[Start of section]

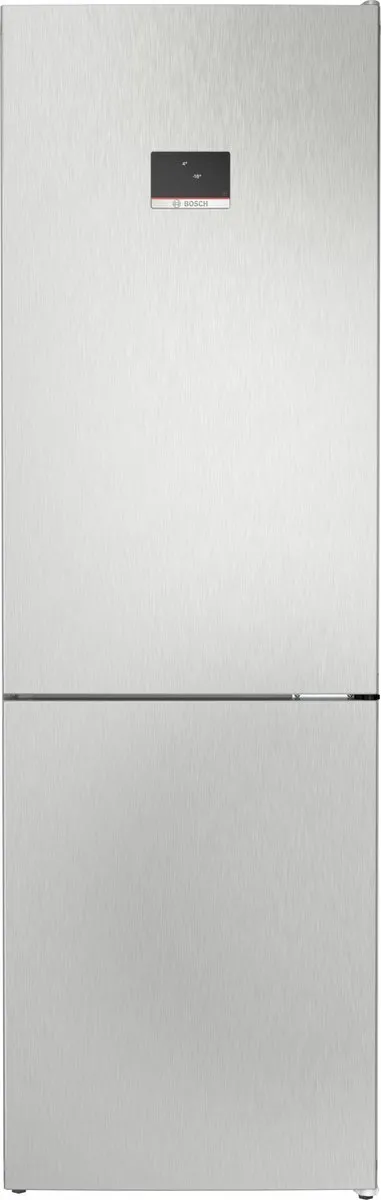 Bosch KGN367LDF - Serie 4 - Koel-vriescombinatie - Zeer stil - Energielabel D - Total No Frost: Nooit meer ontdooien - RVS- VitaFresh XXL 0°C: houd etenswaren langer vers met extra ruime vershoudlades Roestvrijstaal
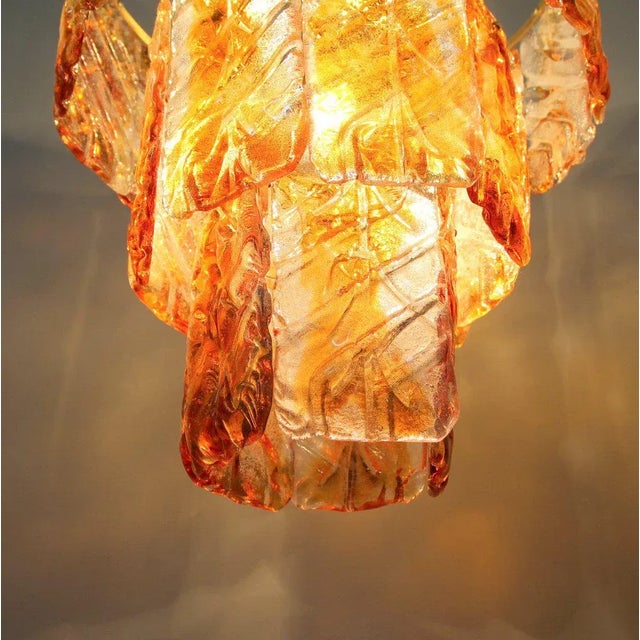 Murano Glass Chandelier, 1960s For Sale - Image 4 of 7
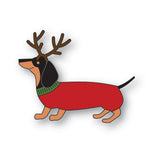 PoppyStamps Antler Dachshund craft die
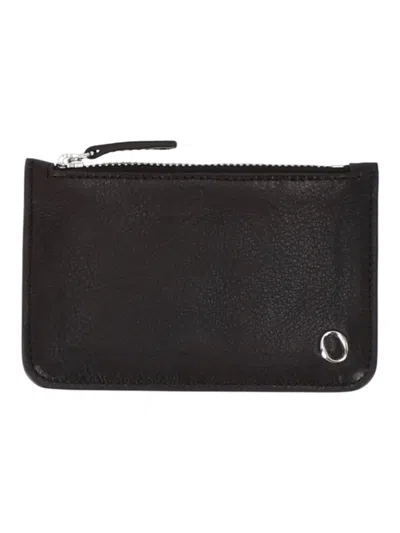 Orciani Lagoon Zipped Card Wallet In Brown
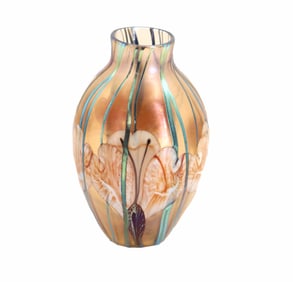 Richard Satava (Born 1950) American, Art Glass Vase
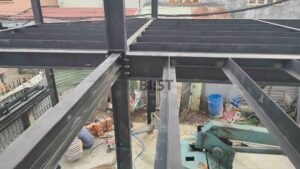 Nhà phố kết cấu thép, sàn âm Hiệp Bình Chánh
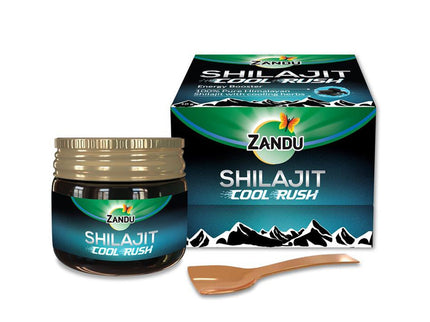 Zandu Shilajit Cool Rush Resin: 1st Ever Shilajit Resin - 10 gms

[End of section]

=== ABOUT THIS TASK ===
Give the data again word for word, without pictures.

=== RESULT BELOW ===
 Bosch KGN367LDF - Serie 4 - Koel-vriescombinatie - Zeer stil - Energielabel D - Total No Frost: Nooit meer ontdooien - RVS- VitaFresh XXL 0°C: houd etenswaren langer vers met extra ruime vershoudlades Roestvrijstaal
 Murano Glass Chandelier, 1960s For Sale - Image 4 of 7
 PoppyStamps Antler Dachshund craft die
 Orciani Lagoon Zipped Card Wallet In Brown
 Richard Satava (Born 1950) American, Art Glass Vase
 Nhà phố kết cấu thép, sàn âm Hiệp Bình Chánh
 Zandu Shilajit Cool Rush Resin: 1st Ever Shilajit Resin - 10 gms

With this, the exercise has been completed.